I cringe when people say "you should look beyond that and see who I am on the inside" because of the above mentioned reasons. The weight is an outwardly sign of deeper problems within. That said, your husband may not feel attractive or desirable or he may no longer see you that way, or both.

Did the intimacy drop off suddenly or was it gradual and did it coincide with the weight gain? I don't have a problem with weight but I go around hungry at least 70% of every day. It's a choice I make so as not to be heavy. Do you guys exercise? Being overweight also reduces/eliminates regular exercise. Regular exercise, in men especially, boosts testosterone levels thereby increasing libido.

The fact that you went out and had an affair confirms the above stated issues that the weight implies. Your vow meant nothing to you? Why did you have the A and then ask for divorce and not the other way around? That would have been honorable and it would have given your H one last opportunity to act. I would find it doubly difficult to motivate myself to change for you now after that but perhaps he's able to. It seems that neither of you are willing to take care of yourselves much less a marriage, IMO. Good luck.


----------



## Plan 9 from OS (Jul 13, 2012)

lonelylady426 said:


> My husband and I are overweight and that plays a huge part in our sex problems. I have told him numerous times that i dont care how much he weighs, but once it starts interferring with our marriage.....he should want to do something about it.
> Is that wrong of me? *I am overweight too....but I can do daily tasks*, especially in bed and my life and the people i care about are not being affected by it.

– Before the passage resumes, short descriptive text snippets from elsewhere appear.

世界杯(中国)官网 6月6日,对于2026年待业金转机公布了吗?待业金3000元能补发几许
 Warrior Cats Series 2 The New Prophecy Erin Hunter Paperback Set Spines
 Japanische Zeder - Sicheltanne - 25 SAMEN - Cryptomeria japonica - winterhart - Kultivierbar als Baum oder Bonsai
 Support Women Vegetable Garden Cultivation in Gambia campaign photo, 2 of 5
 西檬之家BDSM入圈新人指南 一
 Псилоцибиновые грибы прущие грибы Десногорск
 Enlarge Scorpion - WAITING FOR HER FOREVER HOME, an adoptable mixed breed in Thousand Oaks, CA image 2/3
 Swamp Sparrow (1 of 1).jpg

So how much weight are we talking about? When I read your OP, the highlighted part in particular caught my eye. Maybe you are simply referring to the weight affecting his libido, but if your referring to other parts of daily life that are affected by his weight then this is a much bigger problem than just sex.


----------



## indiecat (Sep 24, 2012)

There are a lot of LD men. It's not as rare as people think. 

Do you feel you could sleep with another man and not develop an emotional attachment to him?


----------



## richardsharpe (Jul 8, 2014)

Good evening doobie
Agreed. I don't think an open marriage is great, but it seems much better than building up resentment. 

And 50's is definitely not too old to want sex 






doobie said:


> You lucky thing having your husband offer an open marriage so that you can still have sex. I'm trying at present to get my husband to agree to this. We're both in our fifties and have been married less than 2 years but the sex just about dried up as soon as the ring was on my finger. The only way forward I can see for us without Divorce is to have an open marriage so that I can still have sex. He seems quite happy to live without sex and thinks we're too old to be having sex at our age. Had I known that marriage would equal celibacy, I would never have married him. Go for the open marriage option, it's got to be better than living a celibate life just because your husband no longer wants sex.


----------



## lonelylady426 (Sep 30, 2014)

We were both a little overweight when we married. It is something that we have both struggled with our whole lives. As for your comment, No Choice.....its not like smoking at all. i know because I used to smoke. I agree that there are underlying issues with being overweight but I also think you shouldn't judge someone for the way they look until you walk a mile in their shoes. That being said, the sex was great when we first got together but then after about two years, it has just died. 
I know I should have got out of my marriage before cheating. i know that i was wrong. 
I love this man, but I cannot do an open marriage. I feel that if he really loved me, he wouldn't even suggest it. I feel like if he really loved me, he would do what it takes to make me happy. Having said that, i feel like if I really loved him....I wouldn't have cheated.
And there is my dilema......is my marriage over?


----------



## MaritimeGuy (Jul 28, 2012)

I agree we shouldn't judge a person by their weight. However we have every right to choose what we find attractive and what we don't.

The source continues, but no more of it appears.